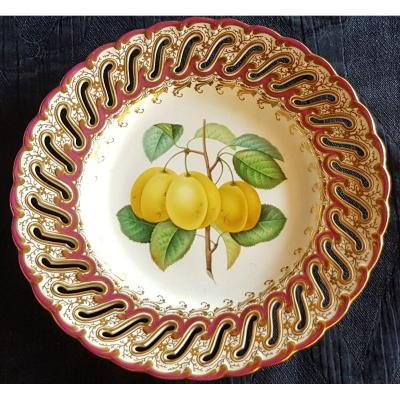 English Plate XIX S Openwork Porcelain And Hand Painted Fruit Decor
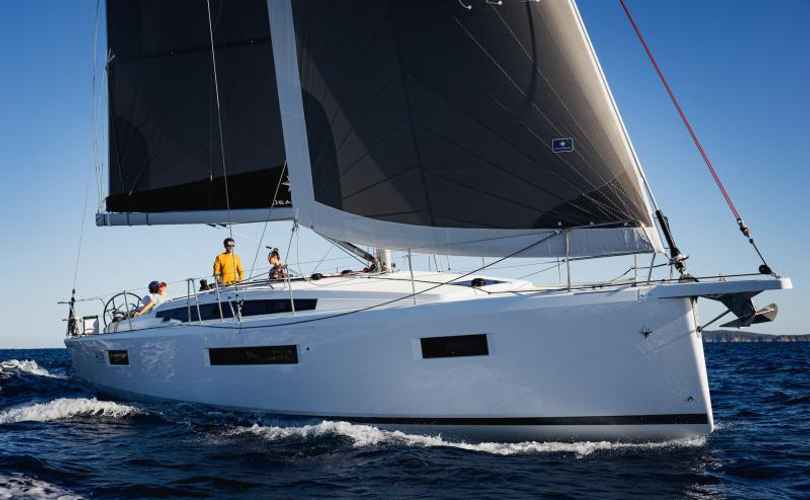 Sun Odyssey 415
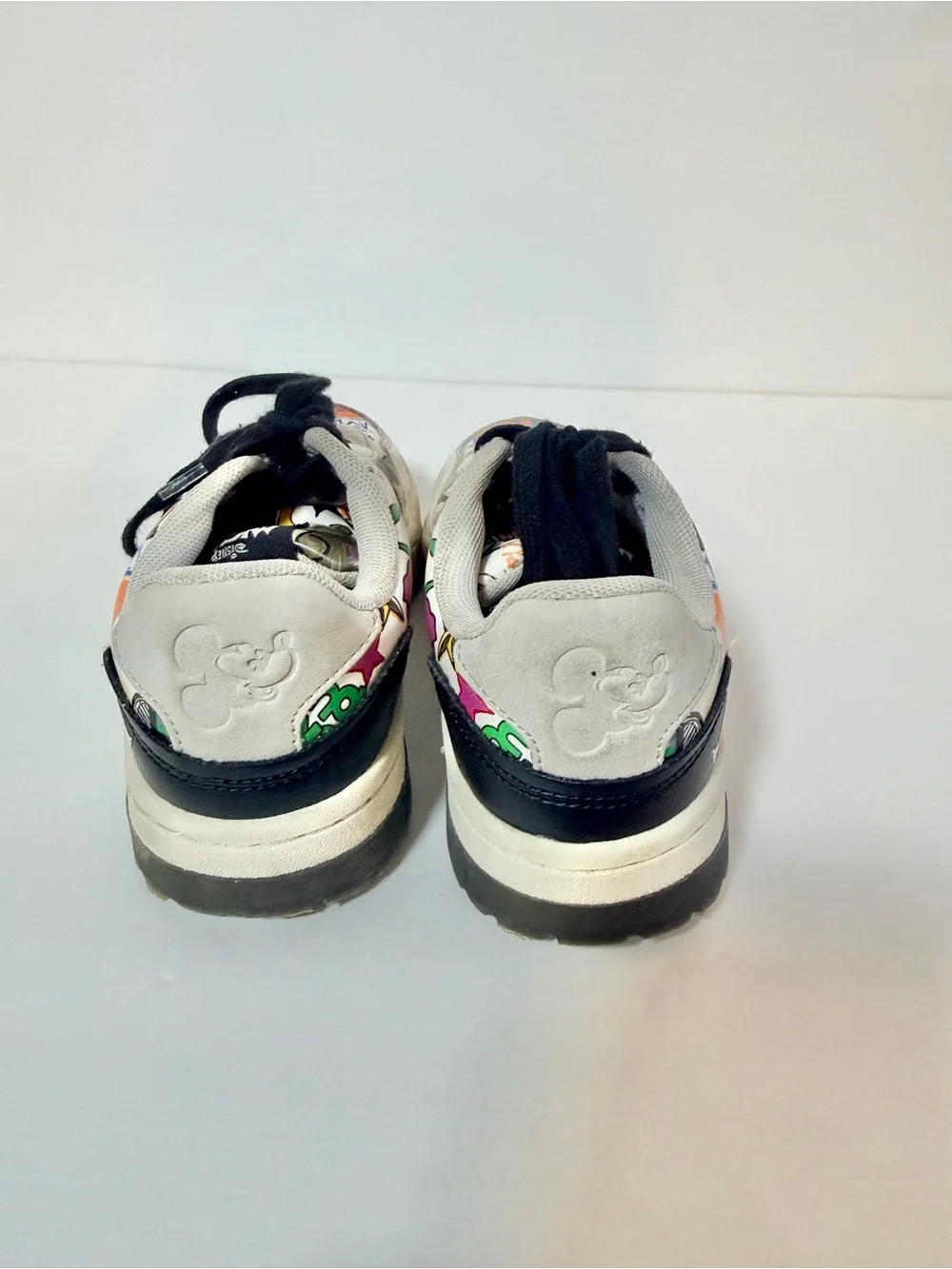 Zara Kids Mickey Mouse & Friends Graffiti Sneakers Size 31 or 13 13.5 Kids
★ ★ ★ ★ ★
### WHAT IS EXPECTED
Return an exact copy of the data above, apart from any pictures.

### SOLVED PROBLEM
 English Plate XIX S Openwork Porcelain And Hand Painted Fruit Decor
 Sun Odyssey 415
 Zara Kids Mickey Mouse & Friends Graffiti Sneakers Size 31 or 13 13.5 Kids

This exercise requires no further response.